When I was a young man, I may have signed a particularly nefarious Faustian pact with Aul' Nick. I can't really remember, and I've drank a hell of a lot since then. I think it went something like this in the end: "Sure you can have big glossy art books by three of your favourite artists, Mark, but you'll have to wait until you're in your thirties until they come out... mwuhahahahaha!". Bastard.


I thought I was buying this book for, duh, the art of Brian Bolland. Yet for any comic art fan of my nationality and age, ironically, what might end up leaving the greatest impression about this book (and I assure you, it's a big, heavy slab of a thing - if I decided to use it as a weapon, it'd make a hell of an impression) is the text. Bolland's narrative is one part confessional; one part sentimental journey; one part social history; to one part backstage memoir, with all the juicy titbits about his days at 2000AD and DC a comics groupie could want. It tells us a lot about the man, his background, and the industry he's chosen to work in. It even serves somewhat as a family album. You wanna see Brian Bolland at Stonehenge? Check. Bolland in Red Square? Check. Kevin O'Neill at his desk in IPC Towers, circa 1977? Check. Dave Gibbons smoking a big cigar in a fancy restaurant? Yup.

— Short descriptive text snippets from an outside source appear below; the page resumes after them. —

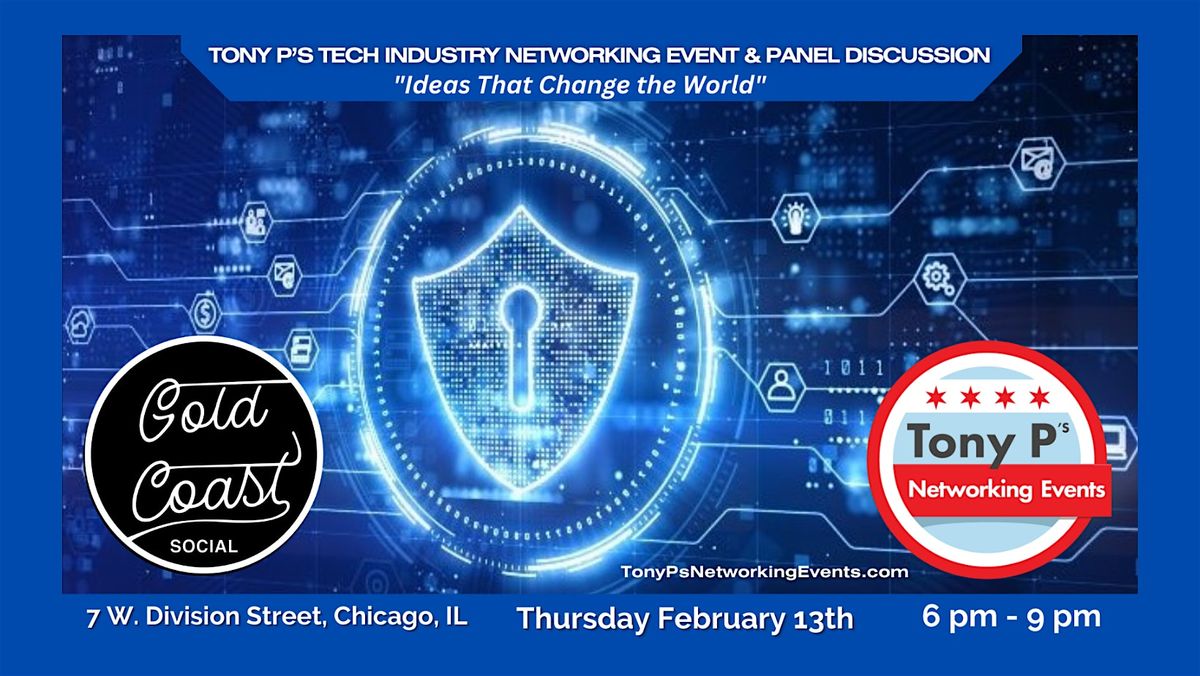 Tony P's Tech Industry Event & Panel Discussion: Thursday February 13th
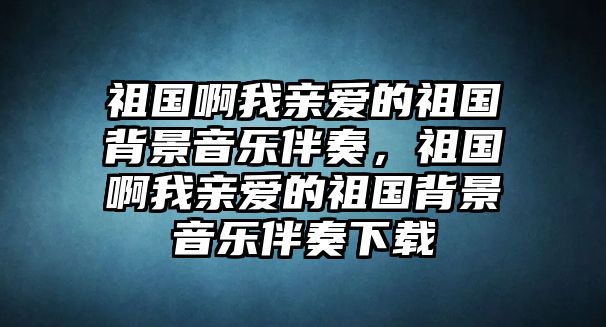 祖國啊我親愛的祖國背景音樂伴奏，祖國啊我親愛的祖國背景音樂伴奏下載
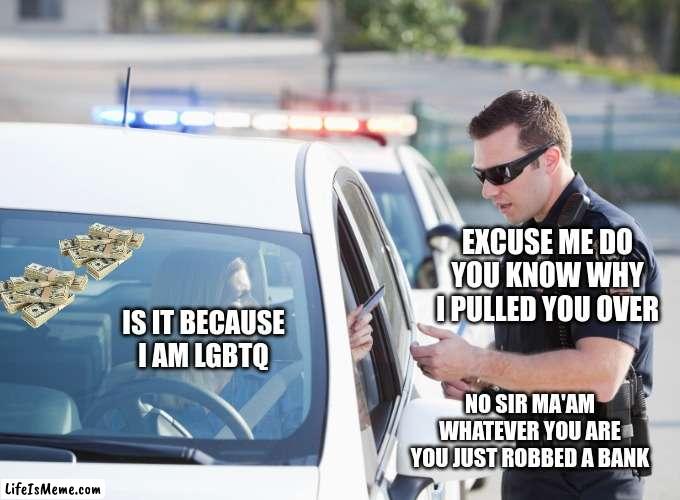 Cop pulls over woman | EXCUSE ME DO YOU KNOW WHY I PULLED YOU OVER; IS IT BECAUSE I AM LGBTQ; NO SIR MA'AM WHATEVER YOU ARE YOU JUST ROBBED A BANK | image tagged in cop pulls over woman | made w/ Lifeismeme meme maker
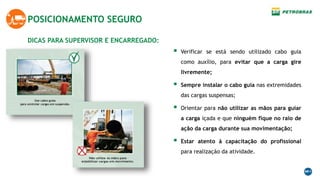 DICAS PARA SUPERVISOR E ENCARREGADO:
POSICIONAMENTO SEGURO
 Verificar se está sendo utilizado cabo guia
como auxílio, para evitar que a carga gire
livremente;
 Sempre instalar o cabo guia nas extremidades
das cargas suspensas;
 Orientar para não utilizar as mãos para guiar
a carga içada e que ninguém fique no raio de
ação da carga durante sua movimentação;
 Estar atento à capacitação do profissional
para realização da atividade.
 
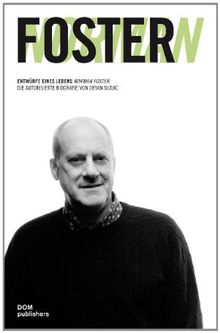 Norman Foster. Entwürfe eines Lebens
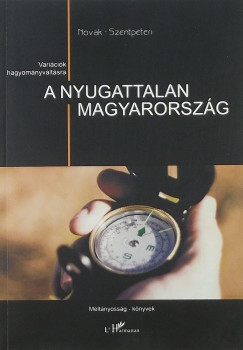Dr. Novk Zoltn - Szentpteri Nagy Richard - A nyugattalan Magyarorszg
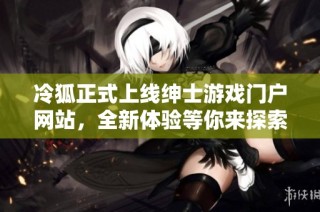 冷狐正式上线绅士游戏门户网站，全新体验等你来探索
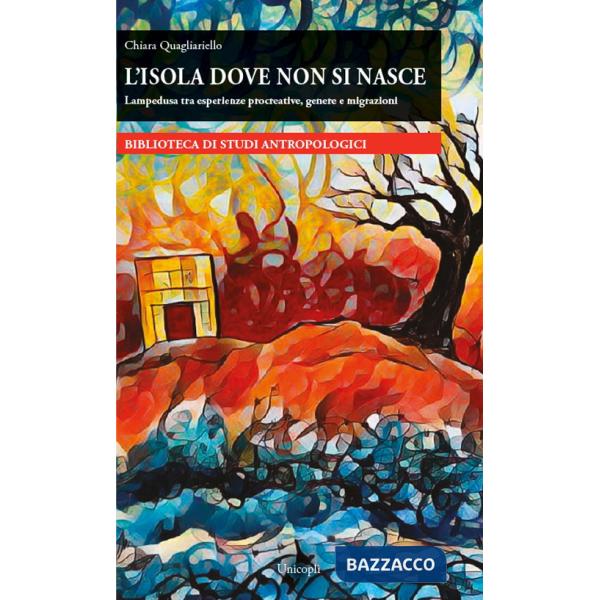 Isola dove non si nasce. Lampedusa tra esperienze procreative, genere e migrazioni (L')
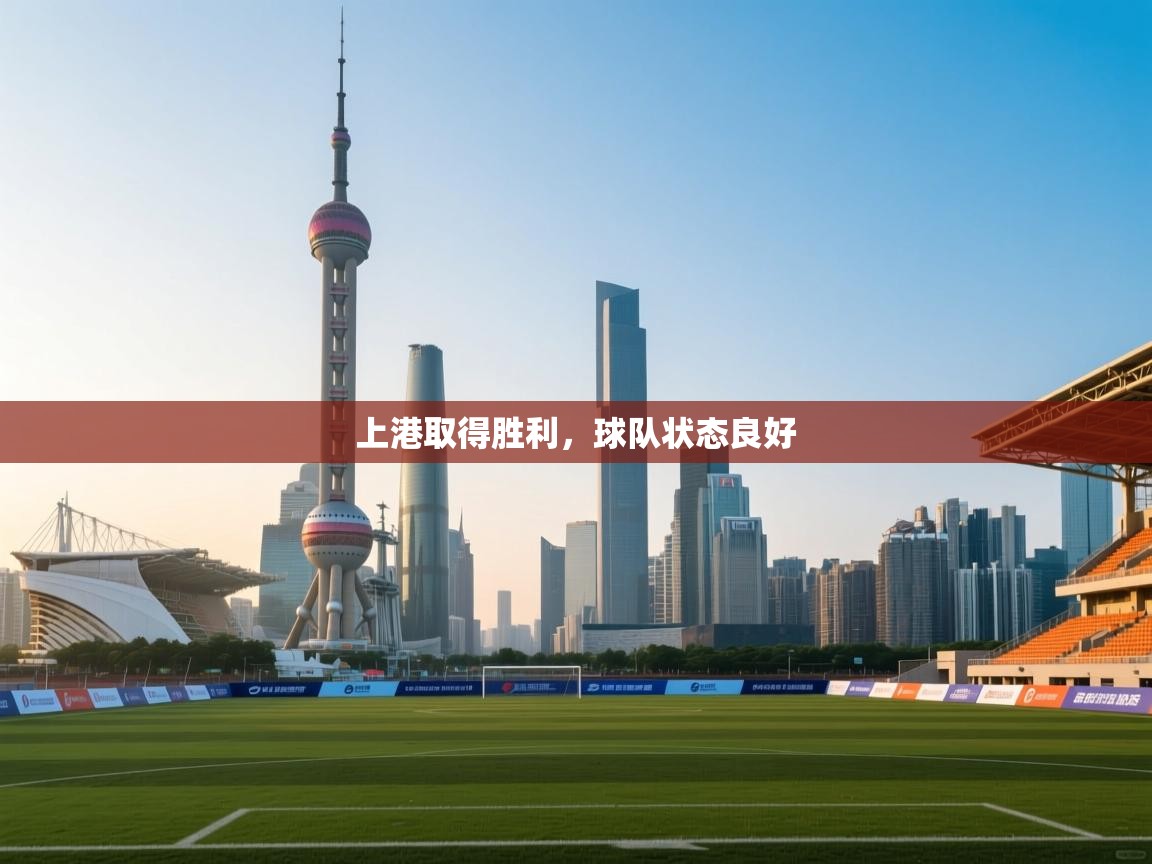 开云体育app登录入口-上港取得胜利，球队状态良好
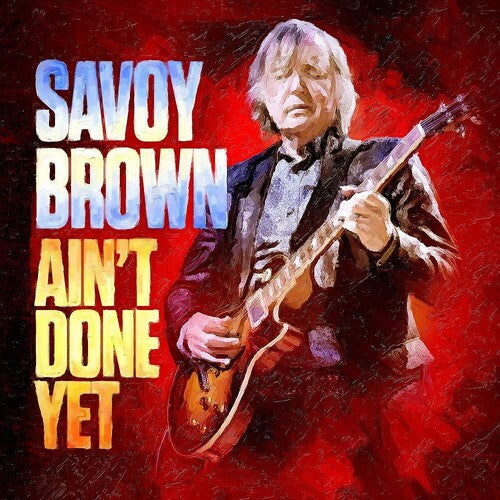 Savoy Brown - Ain't Done Yet (CD)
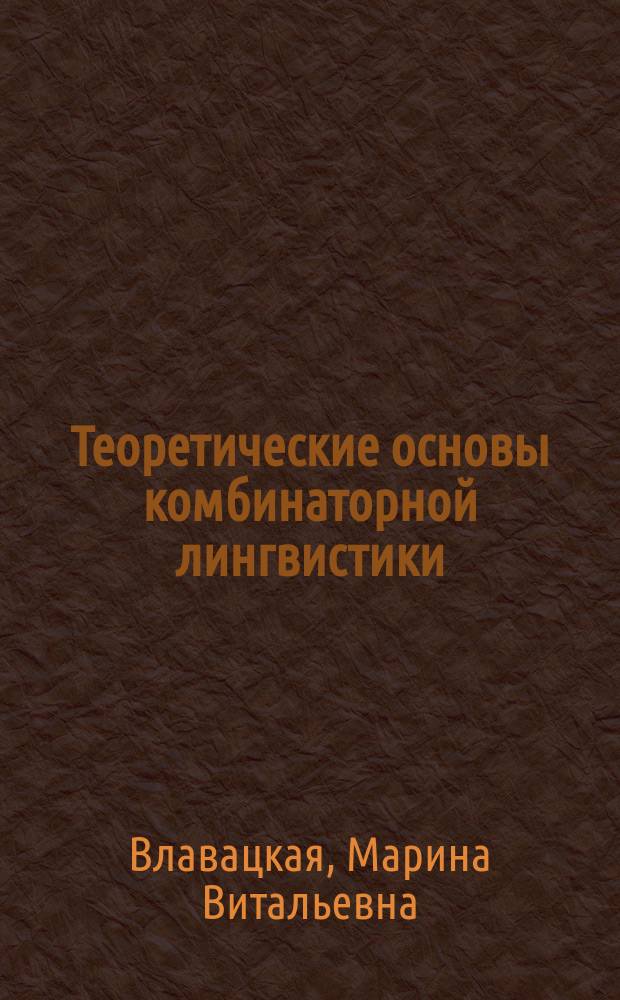 Теоретические основы комбинаторной лингвистики: лексикологический и лексикографический аспекты (на материале русского и английского языков) : автореферат диссертации на соискание ученой степени доктора филологических наук : специальность 10.02.19 <Теория языка>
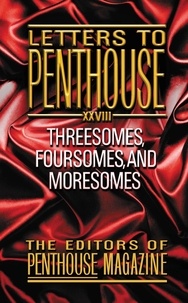 Letters to Penthouse xxxviii - Exposed: Mind-blowing Sexcapades.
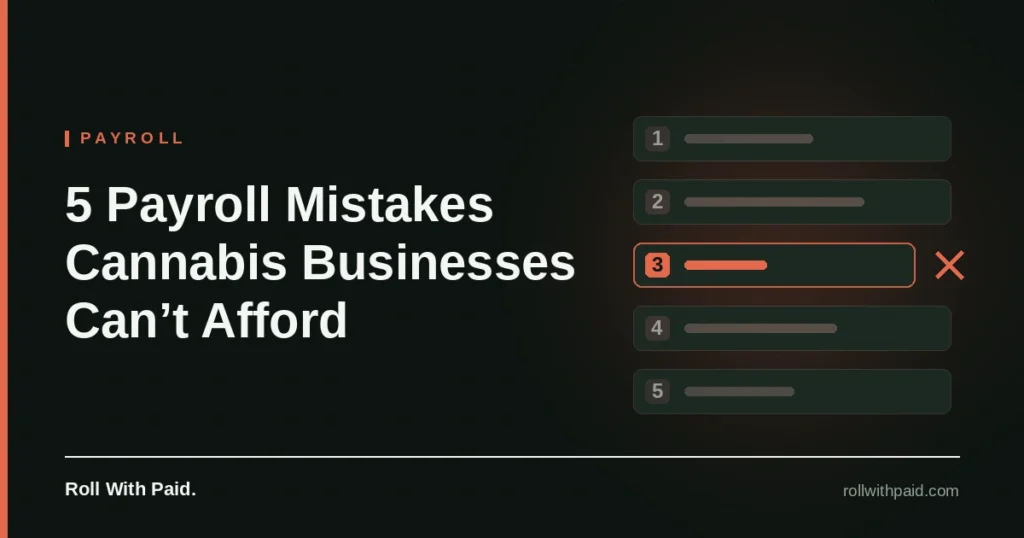 five payrolls mistakes cannabis businesses can't afford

I say "chosen", because with talent like his, he could easily have strayed from comics - there are plenty of examples of his advertising work (though he clearly didn't have the temperament to stay in that world), and plenty of covers for TIME OUT here, too - but chooses instead to continue in the field he clearly loves. That said, he does have a hell of an inferiority complex about comics, which he touches on often without ever really attempting to analyse it. From the blurb on the back cover and onwards throughout the book, he creates or mentions scenarios that suggest a certain discomfort or embarrassment with comics; his lack of fame outside a small subculture of fans; and the lack of understanding when he has to explain to non-comics fans (Hock! Spit!) what exactly he does for a living.


The cynical, working class, no-nonsense, Irish part of me would suggest that Bolland should just bloody get over it - he's pre-eminent in his field, he's produced a gorgeous body of work, he's loved by that aforementioned subculture (who may be small but are damned influential). Of course, the comics fan in me also looks at the latter half of the book and wistfully wishes he'd do more sequential work. Though he may have convinced himself he's a cover artist these days, every opportunity he gets to draw interiors he absolutely belts it out of the park (his BATMAN: BLACK & WHITE short, through to his current crop of Mr Mamoulian strips in NEGATIVE BURN to his chapter in the FABLES hardback 1001 Nights Of Snowfall). The chapters showcasing his work drawing covers for THE FLASH and various BATMAN titles do suggest a deep discomfort with the whole process of being a "superhero cover artist" and working within the whims of editors and colourists an ocean away. I say come back to what you know, Brian. Draw some comics. Be happy.